Cool, thx for testing.
Best to file a JIRA.
—Andries
On Apr 2, 2015, at 1:27 PM, Sudhakar Thota <sthota@maprtech.com> wrote:
> Vince/Andries,
>
> Perhaps this could be a bug. I get the same results.
>
> But the plan is very different, the UnionExchange is set up immediately after the scan
operation in successful case( Case -1 ), where as UnionExchange is happening after scan->project
(Case -2).
>
> Case -1.Successful case.
>
> 0: jdbc:drill:> explain plan for select to_timestamp(t.t, 'YYYY-MM-dd''T''HH:mm:ss.SSS''Z''')

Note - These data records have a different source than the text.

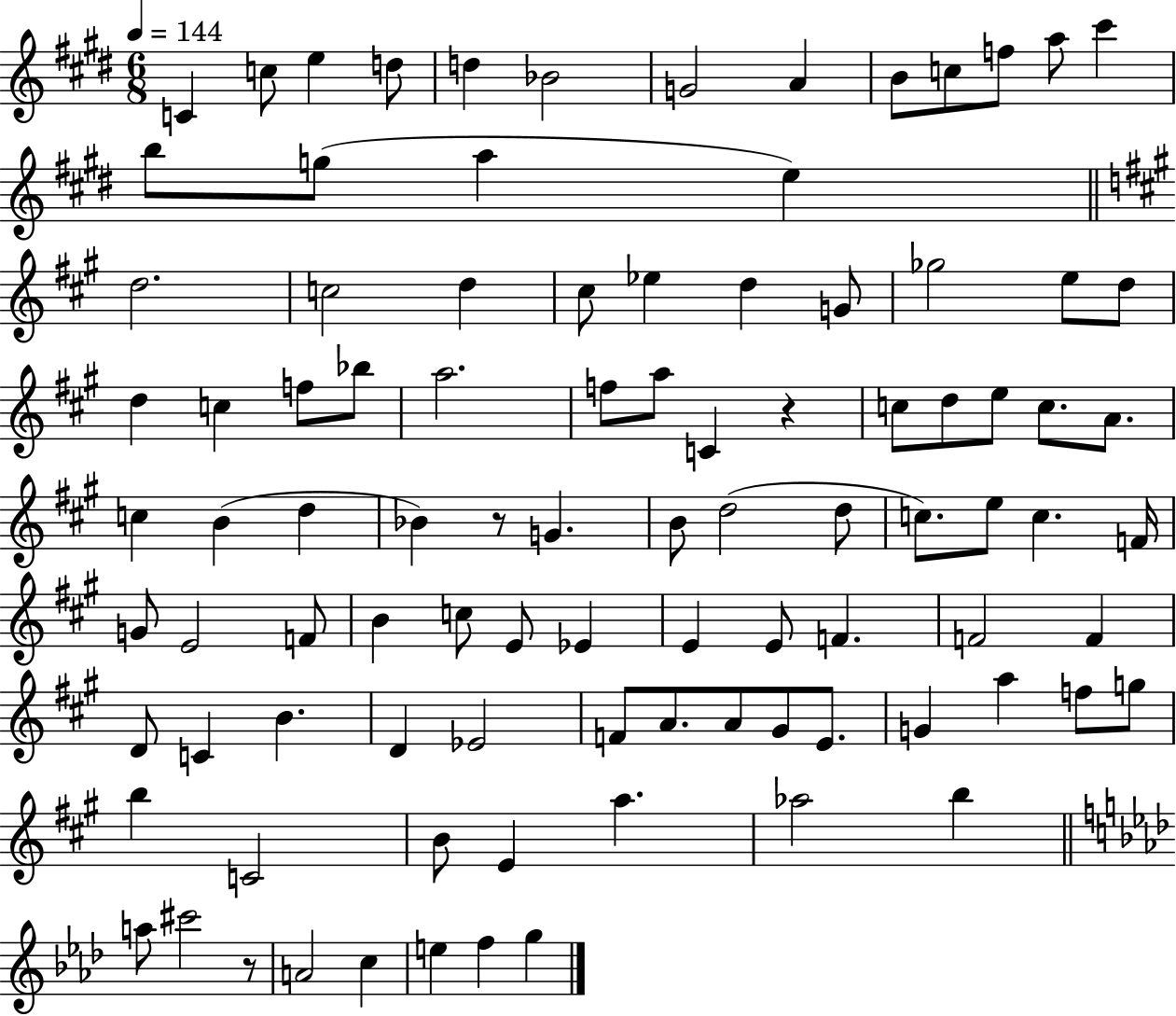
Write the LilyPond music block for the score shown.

{
  \clef treble
  \numericTimeSignature
  \time 6/8
  \key e \major
  \tempo 4 = 144
  \repeat volta 2 { c'4 c''8 e''4 d''8 | d''4 bes'2 | g'2 a'4 | b'8 c''8 f''8 a''8 cis'''4 | \break b''8 g''8( a''4 e''4) | \bar "||" \break \key a \major d''2. | c''2 d''4 | cis''8 ees''4 d''4 g'8 | ges''2 e''8 d''8 | \break d''4 c''4 f''8 bes''8 | a''2. | f''8 a''8 c'4 r4 | c''8 d''8 e''8 c''8. a'8. | \break c''4 b'4( d''4 | bes'4) r8 g'4. | b'8 d''2( d''8 | c''8.) e''8 c''4. f'16 | \break g'8 e'2 f'8 | b'4 c''8 e'8 ees'4 | e'4 e'8 f'4. | f'2 f'4 | \break d'8 c'4 b'4. | d'4 ees'2 | f'8 a'8. a'8 gis'8 e'8. | g'4 a''4 f''8 g''8 | \break b''4 c'2 | b'8 e'4 a''4. | aes''2 b''4 | \bar "||" \break \key aes \major a''8 cis'''2 r8 | a'2 c''4 | e''4 f''4 g''4 | } \bar "|."
}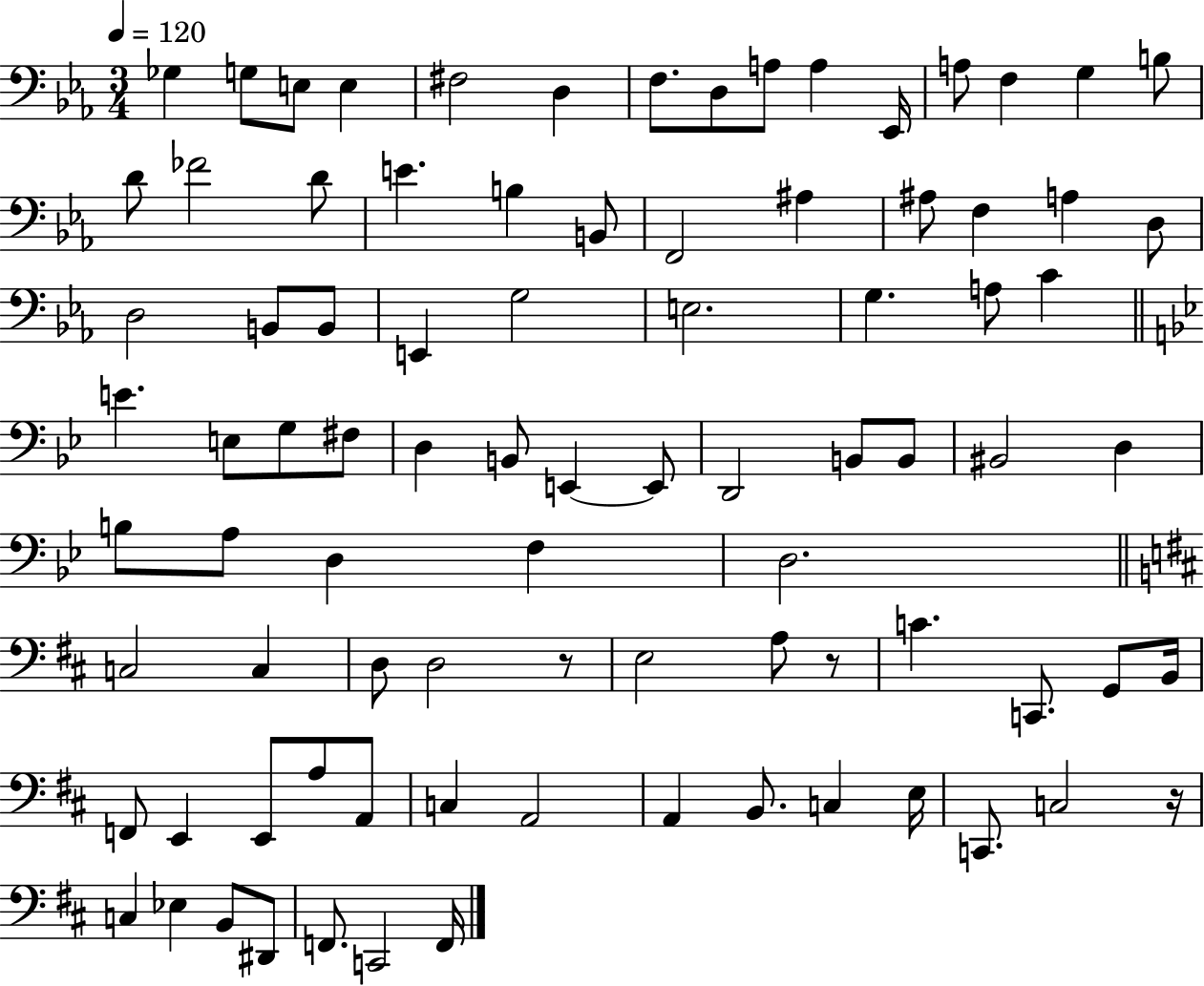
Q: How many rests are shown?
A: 3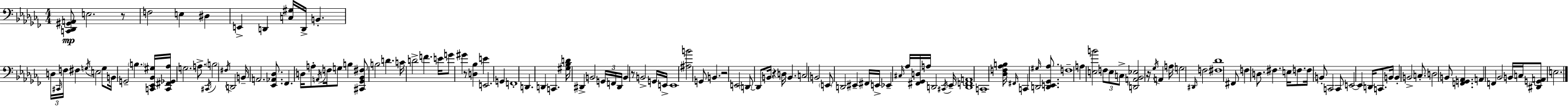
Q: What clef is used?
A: bass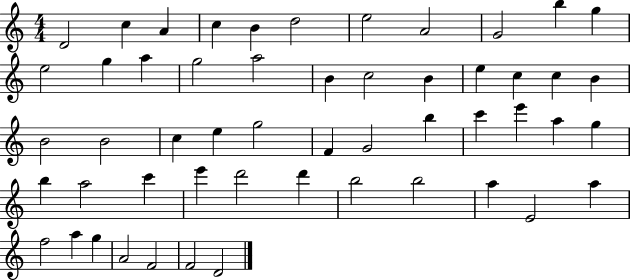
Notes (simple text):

D4/h C5/q A4/q C5/q B4/q D5/h E5/h A4/h G4/h B5/q G5/q E5/h G5/q A5/q G5/h A5/h B4/q C5/h B4/q E5/q C5/q C5/q B4/q B4/h B4/h C5/q E5/q G5/h F4/q G4/h B5/q C6/q E6/q A5/q G5/q B5/q A5/h C6/q E6/q D6/h D6/q B5/h B5/h A5/q E4/h A5/q F5/h A5/q G5/q A4/h F4/h F4/h D4/h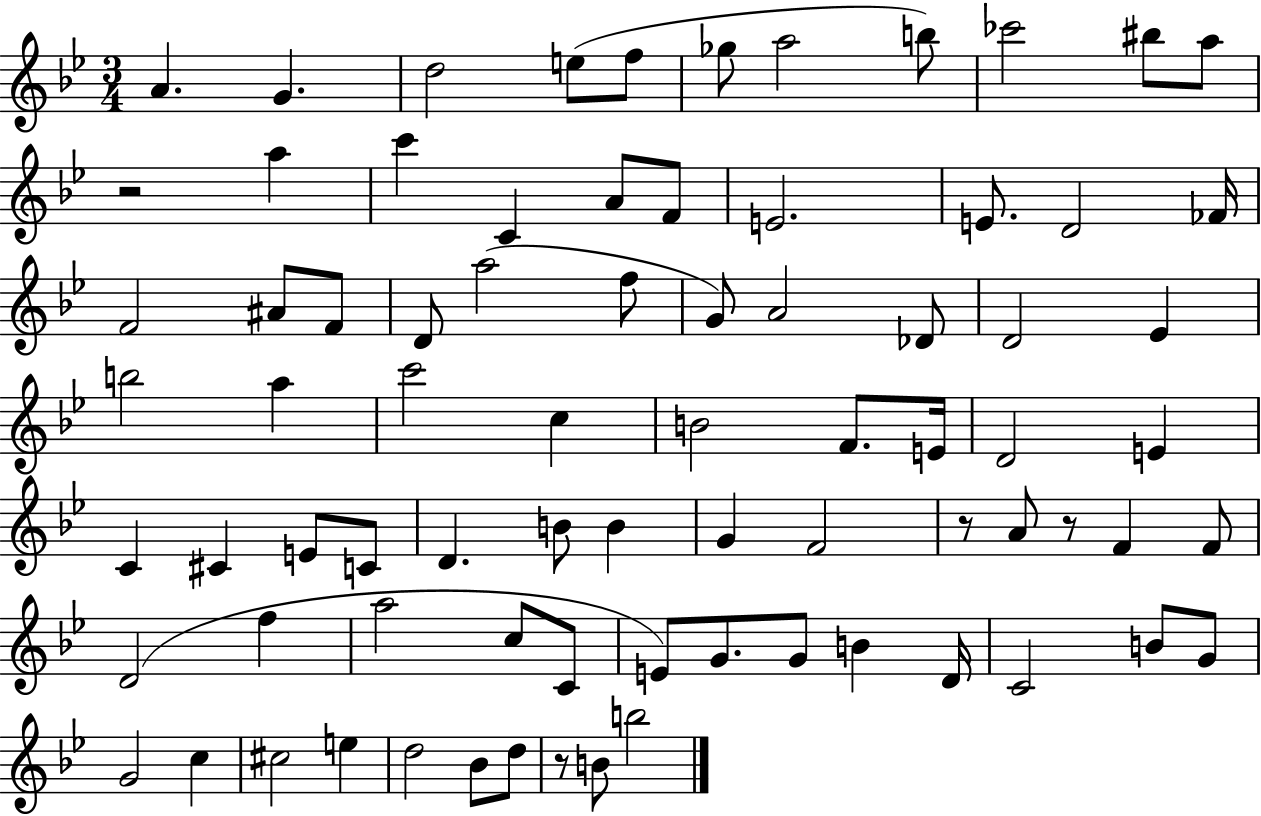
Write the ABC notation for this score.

X:1
T:Untitled
M:3/4
L:1/4
K:Bb
A G d2 e/2 f/2 _g/2 a2 b/2 _c'2 ^b/2 a/2 z2 a c' C A/2 F/2 E2 E/2 D2 _F/4 F2 ^A/2 F/2 D/2 a2 f/2 G/2 A2 _D/2 D2 _E b2 a c'2 c B2 F/2 E/4 D2 E C ^C E/2 C/2 D B/2 B G F2 z/2 A/2 z/2 F F/2 D2 f a2 c/2 C/2 E/2 G/2 G/2 B D/4 C2 B/2 G/2 G2 c ^c2 e d2 _B/2 d/2 z/2 B/2 b2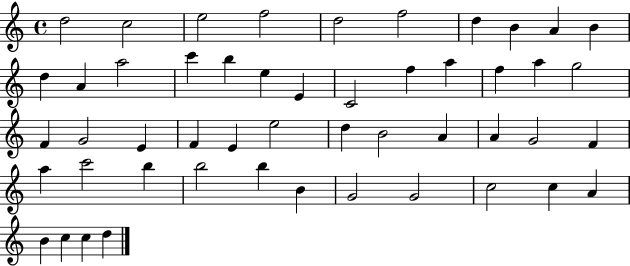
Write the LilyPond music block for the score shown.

{
  \clef treble
  \time 4/4
  \defaultTimeSignature
  \key c \major
  d''2 c''2 | e''2 f''2 | d''2 f''2 | d''4 b'4 a'4 b'4 | \break d''4 a'4 a''2 | c'''4 b''4 e''4 e'4 | c'2 f''4 a''4 | f''4 a''4 g''2 | \break f'4 g'2 e'4 | f'4 e'4 e''2 | d''4 b'2 a'4 | a'4 g'2 f'4 | \break a''4 c'''2 b''4 | b''2 b''4 b'4 | g'2 g'2 | c''2 c''4 a'4 | \break b'4 c''4 c''4 d''4 | \bar "|."
}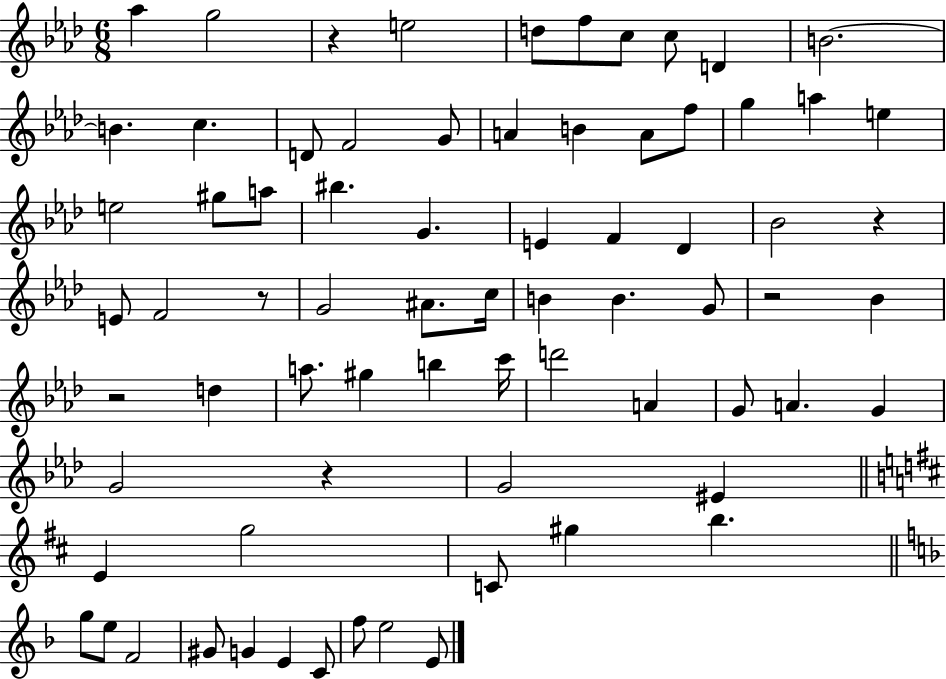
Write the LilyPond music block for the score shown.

{
  \clef treble
  \numericTimeSignature
  \time 6/8
  \key aes \major
  aes''4 g''2 | r4 e''2 | d''8 f''8 c''8 c''8 d'4 | b'2.~~ | \break b'4. c''4. | d'8 f'2 g'8 | a'4 b'4 a'8 f''8 | g''4 a''4 e''4 | \break e''2 gis''8 a''8 | bis''4. g'4. | e'4 f'4 des'4 | bes'2 r4 | \break e'8 f'2 r8 | g'2 ais'8. c''16 | b'4 b'4. g'8 | r2 bes'4 | \break r2 d''4 | a''8. gis''4 b''4 c'''16 | d'''2 a'4 | g'8 a'4. g'4 | \break g'2 r4 | g'2 eis'4 | \bar "||" \break \key d \major e'4 g''2 | c'8 gis''4 b''4. | \bar "||" \break \key d \minor g''8 e''8 f'2 | gis'8 g'4 e'4 c'8 | f''8 e''2 e'8 | \bar "|."
}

FROM (select * from dfs.sthota_prq.`/tstamp_test/*.parquet` limit 13015351) t;
> +------------+------------+
> | text | json |
> +------------+------------+
> | 00-00 Screen
> 00-01 Project(EXPR$0=[TO_TIMESTAMP(ITEM($0, 't'), 'YYYY-MM-dd''T''HH:mm:ss.SSS''Z''')])
> 00-02 SelectionVectorRemover
> 00-03 Limit(fetch=[13015351])
> 00-04 UnionExchange
> 01-01 Scan(groupscan=[ParquetGroupScan [entries=[ReadEntryWithPath [path=maprfs:/mapr/demo.mapr.com/user/sthota/parquet/tstamp_test/1_2_0.parquet],
ReadEntryWithPath [path=maprfs:/mapr/demo.mapr.com/user/sthota/parquet/tstamp_test/1_1_0.parquet],
ReadEntryWithPath [path=maprfs:/mapr/demo.mapr.com/user/sthota/parquet/tstamp_test/1_0_0.parquet]],
selectionRoot=/mapr/demo.mapr.com/user/sthota/parquet/tstamp_test, numFiles=3, columns=[`*`]]])
> | {
> "head" : {
> "version" : 1,
> "generator" : {
> "type" : "ExplainHandler",
> "info" : ""
> },
> "type" : "APACHE_DRILL_PHYSICAL",
> "options" : [ ],
> "queue" : 0,
> "resultMode" : "EXEC"
> },
>
> Case -2. Unsuccessful case:
>
> 0: jdbc:drill:> explain plan for select to_timestamp(t.t, 'YYYY-MM-dd''T''HH:mm:ss.SSS''Z''')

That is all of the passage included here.